4. It wasn’t clear what test the patient’s clinical team were applying for “informed consent”. (This is a bit rich, I think, given that Simon France J himself hasn’t said what the test requires in cases like this! Still, he finds that the question would need to be determined in light of fuller argument and better evidence, including proper evidence about what the patient thought and understood at the time.)

5. Public interest will never be a defence to the failure to get informed consent to the release of such personal information.

6. The case is not to be taken as an endorsement of TV3’s conduct. In particular, there was plenty of time for it to work through the clinic’s concerns as there was no urgency in the story.

7. As a general rule, the BSA should not usually appear in court and make submissions in defence of its decision. (This is probably right as a matter of law. But no other judge has expressed this concern in BSA cases, and it will mean that there will usually be no-one arguing the other side in BSA appeals.)

Topics: Broadcasting Standards Authority, NZ Bill of Rights Act, Privacy tort | 53 Comments »

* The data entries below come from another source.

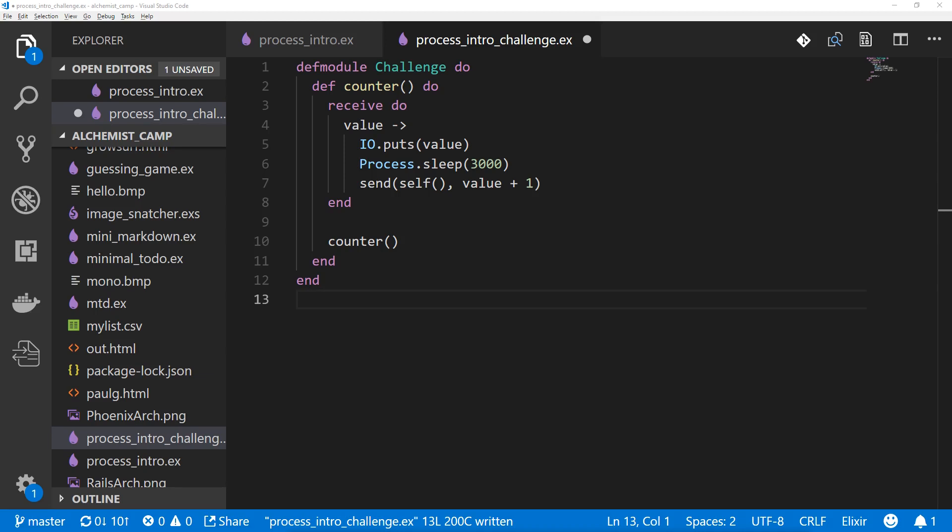Hey, what's up? This is Mark at Alchemist.camp, where we learn Elixir by building things. Today, we have the solution to the challenge that I gave you last time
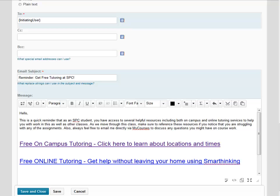Once you've entered your email subject and email message, click on Save and Close at the bottom of the screen to save your Intelligent Agent.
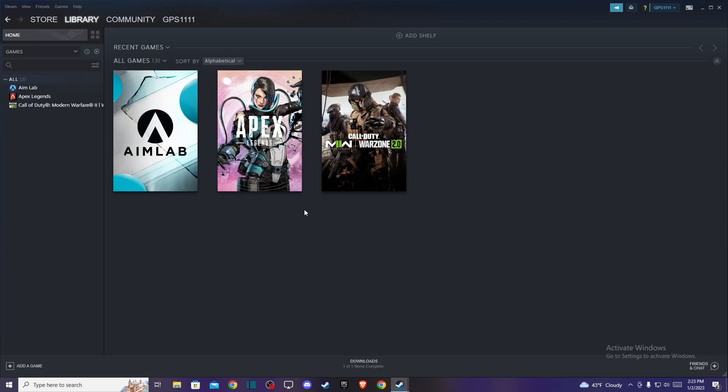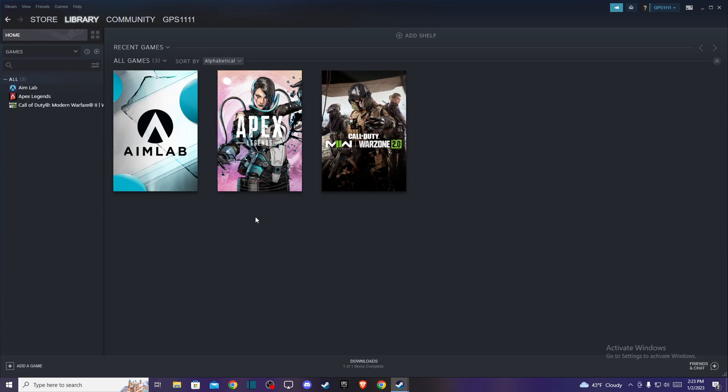So first of all, what you need to do here is go to your Steam client and log into your account if you haven't already. Then you should see a similar window like I'm seeing here right now, and on the top right you should see your username.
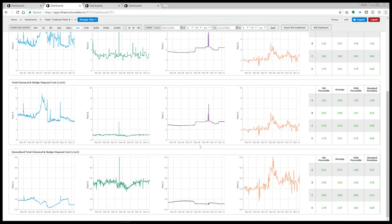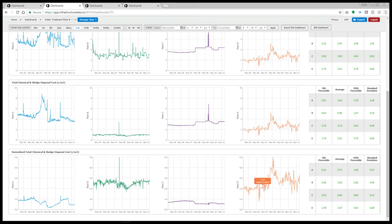So in order to compare apples with apples, we need to normalize for source water quality. Once we've done that, some interesting insights start to show themselves. In this example, plants A, C and D are all treating similar river water qualities, and yet plant D is significantly higher cost. This suggests there are some operating inefficiencies on plant D, and investigating those could potentially realize some operational savings.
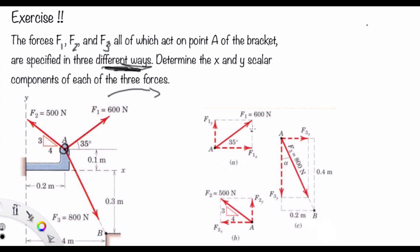Let's start from force 1. Coming back to the previous equations, remember that F1x is the vector component of F1 in the x direction.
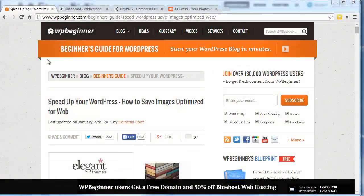This is Christina Harris with WPBeginner.com. Today I'll show you how to save images that are optimized for the web to speed up your site.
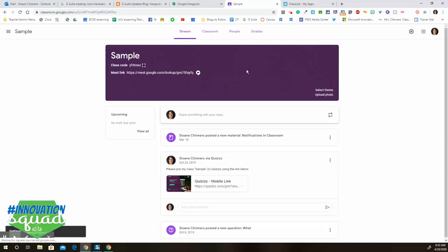Also with the new updates from Google, students will not be able to log into this link unless the teacher is present. They'll get an error code.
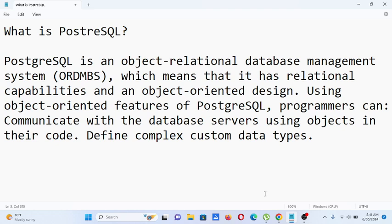PostgreSQL is an object-relational database management system, or DBMS, which means that it has relational capabilities in an object-oriented design. Using the object-oriented features of PostgreSQL, programmers can communicate with database servers using objects in their code and define complex custom data types.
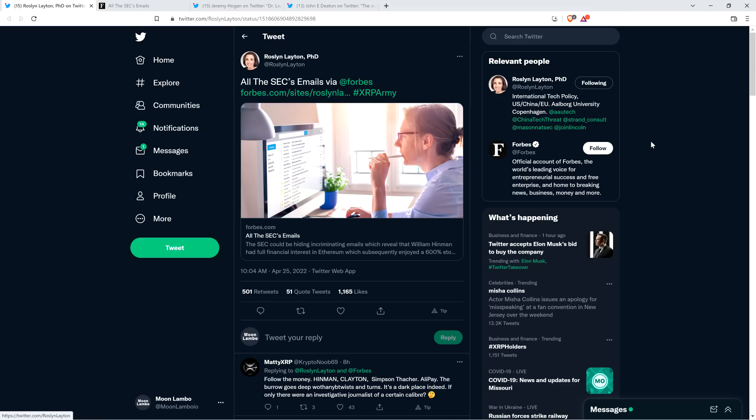Hello, this is Matt on the Moon Lambo channel. Rosalind Layton has written an article for Forbes on the SEC vs. Ripple case titled All the SEC's Emails, and it highlights, among other things, the quote brazen conduct end quote of the SEC, and the degree to which it's incredibly important that justice be done here, and I'm still optimistic for what's going on here.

53 Responses to “HC overturns BSA privacy decision”

  1. Jeremy Smith Says:
    April 8th, 2008 at 1:55 pm

    It’s always concerned me that third party complainants can go straight to the BSA on a privacy complaint, and the BSA must deal with the complaint. This doesn’t apply in other categories.
    A way round this would require broadcasters to respond to third party privacy complaints in the first instance.

  2. Steven Says:
    April 8th, 2008 at 4:36 pm

    Jeremy, you seem to have raised two issues here. The first is that privacy complaints can be taken directly to the BSA instead of directing them to broadcasters first. You’re right that this doesn’t apply to the other categories like fairness and accuracy. But it does apply to all privacy complaints, not just those by third parties. Among those that have to go to the broadcaster first are some grounds that may impact complainants directly (eg balance) and some that are more like third party complaints (eg law and order). I’m not sure you’re suggesting any differently. I think the idea is that privacy violations affect people in unique ways, and so they require a faster and more punitive remedy (you can get damages for privacy breaches but not for any of the other standards).

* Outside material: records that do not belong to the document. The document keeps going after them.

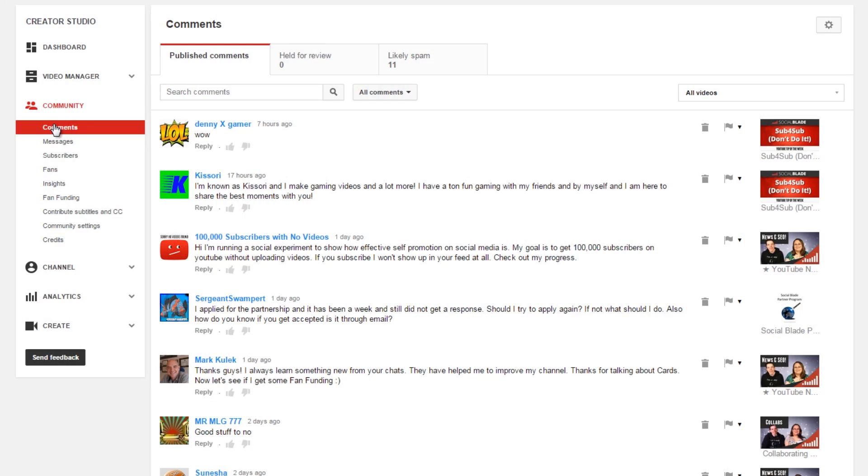Now we're getting to my favorite part of the back end of YouTube and that is the community section. When you click on community, you're automatically going to be in the comments section.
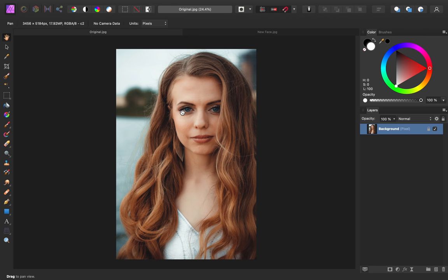So this is the picture that we'll work with. We have a model that's facing the camera straight on, and the lighting on our model is very soft. There aren't any hard shadows to worry about.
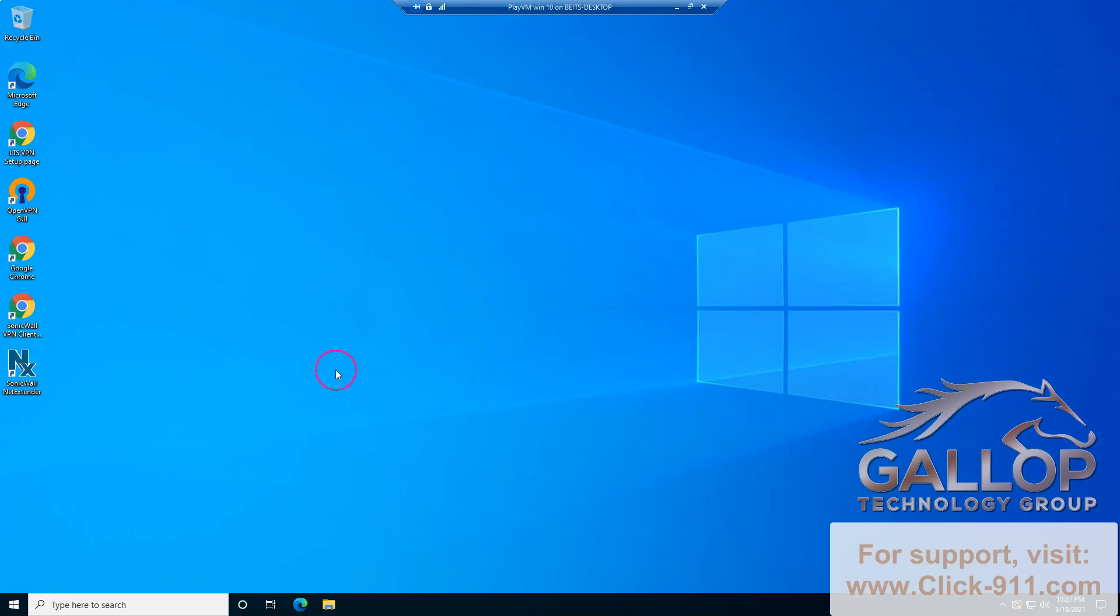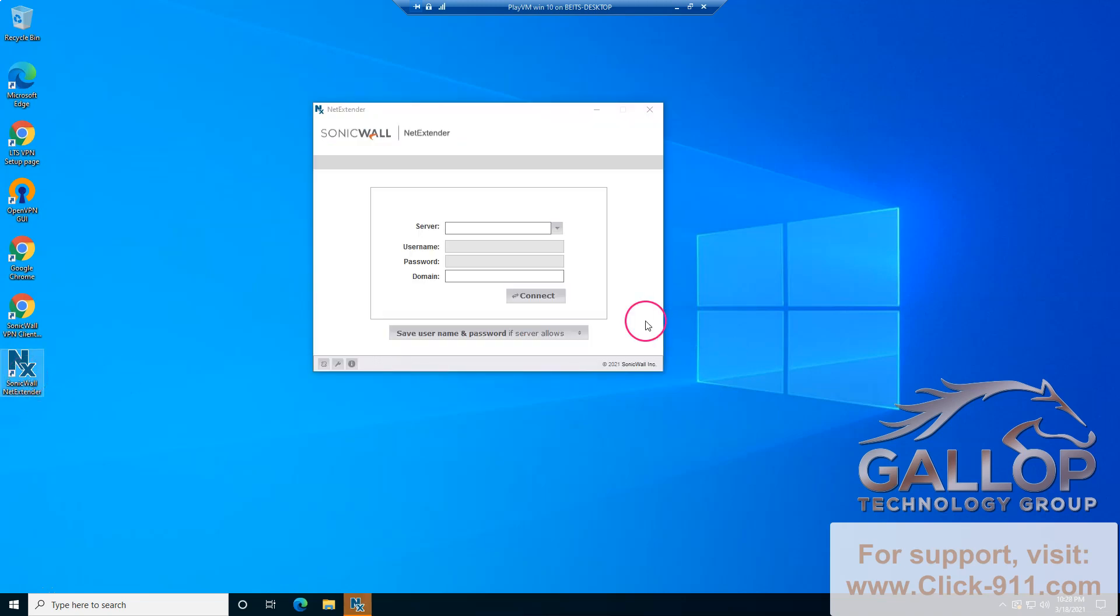Once the computer is rebooted, you're going to find a new icon over here for the SonicWall NetExtender. When you double click on this program, it's going to ask you for the server address, username and password, and the domain name. That information has been provided to you via email or through your office manager.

    I’m not really sure this difference is justified, either. It may hark back to the earlier Broadcasting Act where there were special processes for individual fairness and privacy complaints. As far as I can tell, the usual effect of the new regime is for privacy complainants to screw up: they go straight to the BSA and lose the opportunity to argue under the fairness standard, which is much wider and may well succeed where the more technical privacy one doesn’t.

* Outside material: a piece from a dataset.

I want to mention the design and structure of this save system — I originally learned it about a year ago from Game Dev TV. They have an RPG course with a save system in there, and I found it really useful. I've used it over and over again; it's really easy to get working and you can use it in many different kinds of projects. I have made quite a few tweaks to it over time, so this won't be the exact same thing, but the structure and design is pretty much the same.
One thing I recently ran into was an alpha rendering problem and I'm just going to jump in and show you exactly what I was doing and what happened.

    The other issue you raise is about third parties – a complainant can complain about a breach of someone else’s privacy (though they can’t get damages for it). The broadcasters don’t like these third party complaints, and there’s an argument that the Broadcasting Act shouldn’t be interpreted to support them (particularly in light of section 6 of the Bill of Rights Act). On the other hand, the Broadcasting Act does draw a distinction between “complainants” and “individuals” whose privacy has been violated, suggesting that a complainant may complain that some other individual’s privacy has been violated. This argument isn’t a king hit. The difference could be there to allow parents to complain on behalf of children, for example.

    Too much information?

  3. Jeremy Smith Says:
    April 9th, 2008 at 6:06 pm

    My impression over the years is that a significant number of privacy complaints really relate to fairness or balance, and that the complainants probably realise they can go straight to the BSA through the “privacy route”.
    Hard to prove of course, but I don’t think some of them would have bothered if they had to go to the broadcaster first.
    And as you say, some of these cases would be more fully discussed under fairness.